“It’s a fairly widespread issue that the government wants to get ahead of with this three-year project,” said Christye Sisson, the Ronald and Mabel Francis Professor and chair of the photographic sciences program in RIT’s School of Photographic Arts and Sciences. Sisson is RIT’s principal investigator for the project.
“The more mature digital imaging has become, the methods by which you can manipulate images become increasingly sophisticated,” she added. “The speed at which this is happening is outpacing the tools that people have for detection, so we’re trying to exhaust and analyze every possibility for how these images could potentially be manipulated and how that manipulation can be detected.”
Research teams include imaging experts from academia, industry and government agencies, including the National Institute of Standards and Technology (NIST).

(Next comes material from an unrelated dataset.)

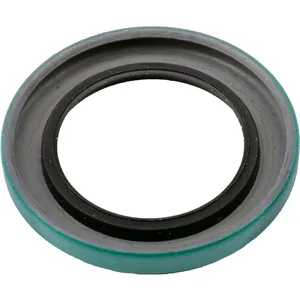 SKF Seal 493524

According to Sisson, RIT is creating high-provenance data and image manipulations as part of the project’s data team, led by PAR Government Systems Corp., a government contractor based in Rome, N.Y.
Sisson noted that applications of the research’s findings are widespread—from law enforcement and intelligence agencies to counter-terrorism and academic research integrity.
A growing problem
While some image manipulation is benign, performed for fun or artistic value, other “doctoring” is done for nefarious or adversarial purposes, including propaganda or misinformation campaigns, Sisson said.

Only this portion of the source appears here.